In connection with my processing of your personal data, you have the following rights:

• Right of Access (Art. 15 GDPR): According to Art. 15 GDPR, you have the right to request information about your personal data processed by me. You may especially request information on the purposes of processing, the categories of personal data, the categories of recipients to whom your personal data have been or are disclosed, the planned storage period, the existence of rights to rectification, erasure, restriction of processing or objection, the existence of a right to lodge a complaint, the origin of the personal data (if not collected from you) and the existence of automated decision-making including profiling and, where applicable, request meaningful information about the details thereof.
• Right to Rectification (Art. 16 GDPR): According to Art. 16 GDPR, you have the right to request the rectification of your inaccurate or incomplete personal data stored by me without undue delay.
• Right to Erasure (Art. 17 GDPR): According to Art. 17 GDPR, you have the right to request the erasure of your personal data stored by me, unless processing is necessary for the exercise of the right of freedom of expression and information, for compliance with a legal obligation, for reasons of public interest or for the establishment, exercise, or defence of legal claims.
• Right to Restriction of Processing (Art. 18 GDPR): According to Art. 18 GDPR, you have the right to request the restriction of processing of your personal data if the accuracy of such personal data is contested by you or the processing is unlawful.
• Right to Data Portability (Art. 20 GDPR): According to Art. 20 GDPR, you have the right to obtain your personal data provided to me in a structured, commonly used and machine-readable format or to have it transmitted to another controller.
• Right to Object (Art. 21 GDPR): According to Art. 21 GDPR, you have the right to object to the processing of your personal data if processing is based on Art. 6 para. 1 s. 1 lit. e or f GDPR. Please state the reasons why you object to the processing, so that I may re-examine the situation and either stop or adjust the processing or give you my compelling legitimate reasons to continue the processing.
• Right to Withdraw Consent (Art. 7 para. 3 GDPR): If processing is based on your consent for the processing of personal data, you have the right to withdraw your consent at any time with effect for the future.

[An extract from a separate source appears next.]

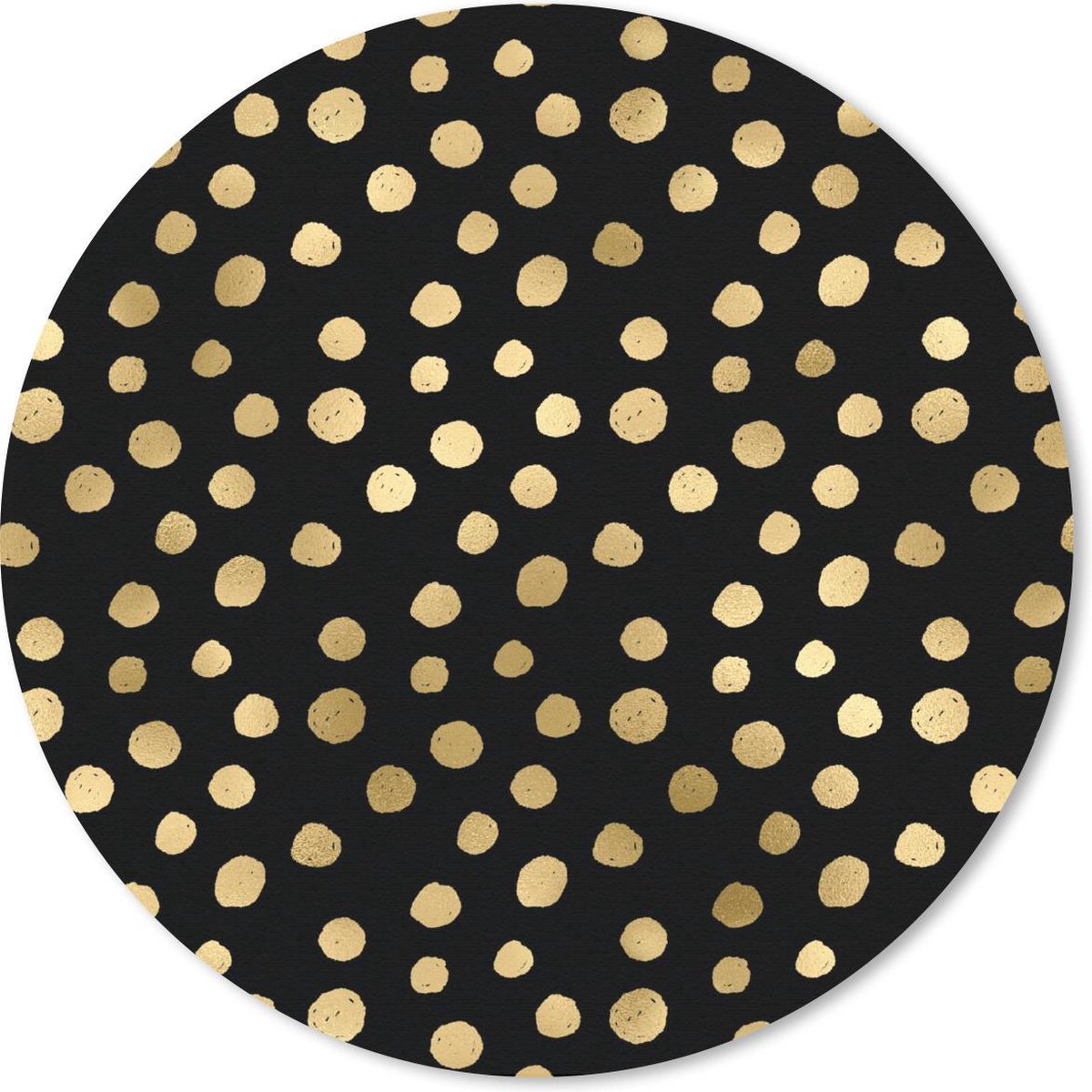 Muismat rond 30x30 cm - Mousepad Patronen - Stippen - Goud - Ronde muismatten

This means the consent ceases to be a legal basis for processing of your personal data from the time of withdrawal.
• Right to Lodge a Complaint (Art. 77 GDPR): According to Art. 77 GDPR, you have the right to lodge a complaint about the processing of your personal data by me with a data protection supervisory authority, for example, with the supervisory authority responsible for me:
  
  Der Hessische Beauftragte für Datenschutz und Informationsfreiheit
  Gustav-Stresemann-Ring 1
  65189 Wiesbaden
  Germany
  Phone: +49 611 1408 0
  E-Mail: email hidden; JavaScript is required

8 – Up-to-Dateness of this Privacy Policy

This Privacy Policy is current as of November 2025.

Due to legal or regulatory changes or as a result of modifications to my internal notarial policies, it may become necessary to amend this Privacy Policy. The latest version can always be viewed and printed from my website.

If you have any questions regarding this Privacy Policy, please contact my data protection officer or me at any time.